- Born: 14 November 1968 (age 57) Nagano Prefecture, Japan
- Occupation: Film director

= Tomoyuki Furumaya =

Japanese film director (born 1968)

Tomoyuki Furumaya (古厩 智之, Furumaya Tomoyuki) (born 14 November 1968) is a Japanese film director.

==Career==
Born in Nagano Prefecture, Furumaya was attending Nihon University when his 16mm film, Shakunetsu no dojjibōru, won the grand prize at the Pia Film Festival. That earned him a Pia Scholarship to make his first theatrical feature, This Window Is Yours, a film that won the first Dragons and Tigers Award at the Vancouver International Film Festival and helped him get the Directors Guild of Japan New Directors Award in 1994. His film Bad Company won a Tiger Award and the FIPRESCI Award at the 2001 Rotterdam Film Festival. Sayonara Midori-chan also was the runner-up in the competition at the 2005 Three Continents Festival. He has also worked on such television programs as Mori no Asagao.

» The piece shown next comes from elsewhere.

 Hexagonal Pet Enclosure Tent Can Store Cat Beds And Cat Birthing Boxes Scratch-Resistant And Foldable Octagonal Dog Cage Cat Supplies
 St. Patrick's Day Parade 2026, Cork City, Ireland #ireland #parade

Furumaya is married to the actress Miako Tadano.

==Selected filmography==

===Films===
- Shakunetsu no dojjibōru (灼熱のドッジボール) (1992)
- This Window Is Yours (この窓は君のもの, Kono mado wa kimi no mono) (1994)
- Bad Company (まぶだち, Mabudachi) (2001)
- Sayonara Midori-chan (さよならみどりちゃん) (2005)
- The Homeless Student (ホームレス中学生) (2008)
- Killing Curriculum: Jinroh Shokei Game - Prologue (2015)
- Kotera-san Climbs! (2020)
- Play! (2024)

===Television series===
- Mori no Asagao (2010)
- Candy Color Paradox (2023)
- Happy of the End (2024)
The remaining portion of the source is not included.